- [Action item] Copy out each line below in which the string "Country" appears.

- [Provided material]
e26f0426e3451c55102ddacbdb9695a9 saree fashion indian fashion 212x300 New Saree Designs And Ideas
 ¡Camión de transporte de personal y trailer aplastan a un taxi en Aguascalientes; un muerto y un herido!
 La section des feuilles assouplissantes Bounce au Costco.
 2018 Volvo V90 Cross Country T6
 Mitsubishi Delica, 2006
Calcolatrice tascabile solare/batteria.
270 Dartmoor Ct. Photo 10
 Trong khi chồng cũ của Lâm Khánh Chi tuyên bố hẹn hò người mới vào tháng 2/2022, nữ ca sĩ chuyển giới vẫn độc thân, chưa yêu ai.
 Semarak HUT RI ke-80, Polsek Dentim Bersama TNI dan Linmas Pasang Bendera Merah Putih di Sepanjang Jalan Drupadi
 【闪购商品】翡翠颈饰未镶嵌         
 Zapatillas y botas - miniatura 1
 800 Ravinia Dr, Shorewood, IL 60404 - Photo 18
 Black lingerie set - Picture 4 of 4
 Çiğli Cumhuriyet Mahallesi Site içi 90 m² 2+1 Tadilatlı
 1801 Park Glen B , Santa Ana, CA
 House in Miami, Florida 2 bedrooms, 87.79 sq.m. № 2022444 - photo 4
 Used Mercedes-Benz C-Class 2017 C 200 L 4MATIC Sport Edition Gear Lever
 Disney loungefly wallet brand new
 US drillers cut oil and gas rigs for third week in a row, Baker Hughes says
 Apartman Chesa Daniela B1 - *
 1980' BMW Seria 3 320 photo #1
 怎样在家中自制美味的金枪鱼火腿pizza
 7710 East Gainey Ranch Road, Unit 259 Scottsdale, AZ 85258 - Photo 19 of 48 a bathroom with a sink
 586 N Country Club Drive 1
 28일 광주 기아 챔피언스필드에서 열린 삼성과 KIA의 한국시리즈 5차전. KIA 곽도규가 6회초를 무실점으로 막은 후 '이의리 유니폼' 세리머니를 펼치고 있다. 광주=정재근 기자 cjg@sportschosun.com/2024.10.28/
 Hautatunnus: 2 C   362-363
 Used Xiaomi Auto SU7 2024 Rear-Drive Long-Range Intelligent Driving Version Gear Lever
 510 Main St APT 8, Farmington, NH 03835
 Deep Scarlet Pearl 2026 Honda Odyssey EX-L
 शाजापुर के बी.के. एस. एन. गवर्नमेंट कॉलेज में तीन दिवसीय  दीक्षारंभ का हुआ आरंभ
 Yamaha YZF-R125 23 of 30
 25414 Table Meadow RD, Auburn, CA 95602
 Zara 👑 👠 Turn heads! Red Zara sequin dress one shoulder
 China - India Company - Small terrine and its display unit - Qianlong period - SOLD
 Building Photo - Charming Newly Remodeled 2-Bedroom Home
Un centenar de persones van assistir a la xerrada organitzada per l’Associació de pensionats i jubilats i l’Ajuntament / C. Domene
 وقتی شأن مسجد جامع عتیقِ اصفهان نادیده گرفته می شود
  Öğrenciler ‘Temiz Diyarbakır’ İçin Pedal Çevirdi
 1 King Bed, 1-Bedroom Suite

- [Answer box]
 2018 Volvo V90 Cross Country T6
 586 N Country Club Drive 1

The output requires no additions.